_Given information_
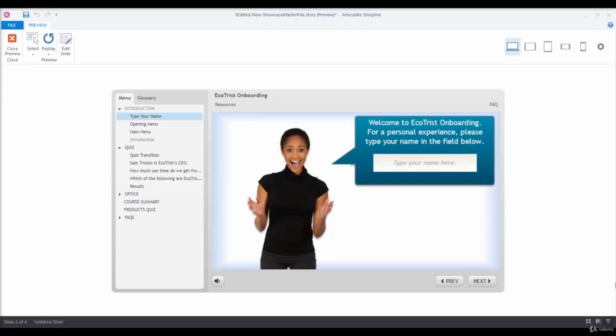Let's say, for instance, you want to capture the learner's name and refer to it when they completed the course.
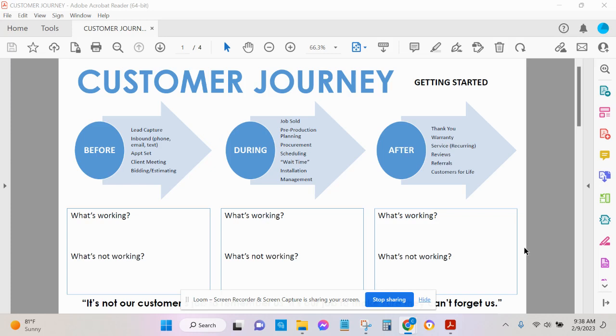Then think about during. That is after you have sold a project, a contract has come in. These are just some examples of those during phases. The pre-production planning, procurement, scheduling, how are we staying in contact with people during what I call the dark period. That's the period of time from after a contract is sold to selections are made to job start. Again, what's working, what's not working.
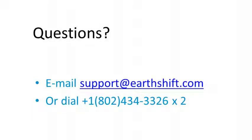This concludes the Building Your First Project tutorial. The next tutorial will show you how to use parameters in your model. If you have any questions about creating a project in EarthSmart, please contact us by emailing support at earthshift.com or calling 802-434-3326, extension 2.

_The problem_
Apart from its pictures, the material above should be repeated exactly.

_Written answer_
Let's say, for instance, you want to capture the learner's name and refer to it when they completed the course.
Then think about during. That is after you have sold a project, a contract has come in. These are just some examples of those during phases. The pre-production planning, procurement, scheduling, how are we staying in contact with people during what I call the dark period. That's the period of time from after a contract is sold to selections are made to job start. Again, what's working, what's not working.
This concludes the Building Your First Project tutorial. The next tutorial will show you how to use parameters in your model. If you have any questions about creating a project in EarthSmart, please contact us by emailing support at earthshift.com or calling 802-434-3326, extension 2.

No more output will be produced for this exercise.